Supplied information:

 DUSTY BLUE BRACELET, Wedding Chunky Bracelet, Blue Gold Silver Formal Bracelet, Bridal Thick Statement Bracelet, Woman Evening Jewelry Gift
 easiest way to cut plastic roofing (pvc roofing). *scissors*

--

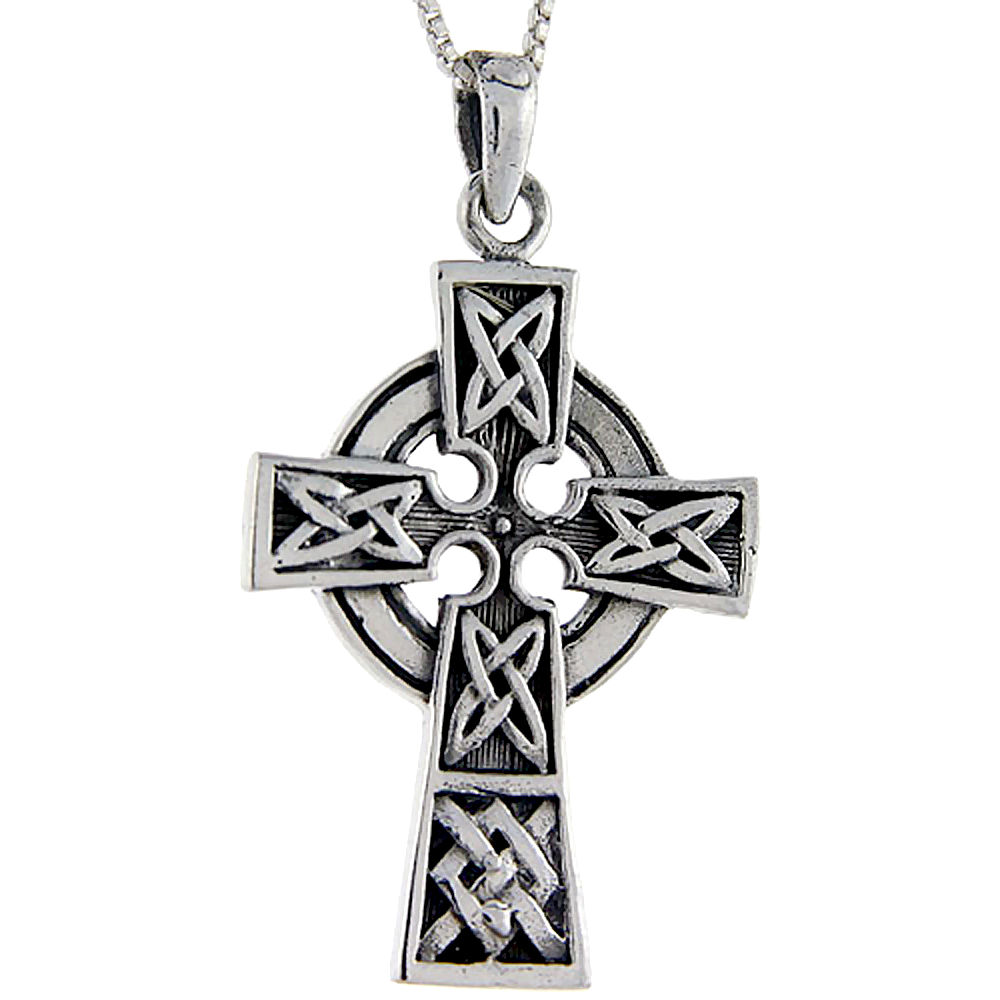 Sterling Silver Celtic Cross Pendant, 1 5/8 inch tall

---

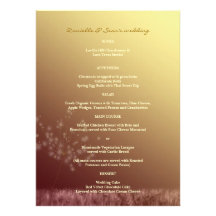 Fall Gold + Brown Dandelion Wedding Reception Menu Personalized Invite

Aim of the task: Only the lines above from the line with "DUSTY BLUE BRACELET, Wedding" to the line with "easiest way to", those two lines included, should be reproduced exactly.

Answer space:
 DUSTY BLUE BRACELET, Wedding Chunky Bracelet, Blue Gold Silver Formal Bracelet, Bridal Thick Statement Bracelet, Woman Evening Jewelry Gift
 easiest way to cut plastic roofing (pvc roofing). *scissors*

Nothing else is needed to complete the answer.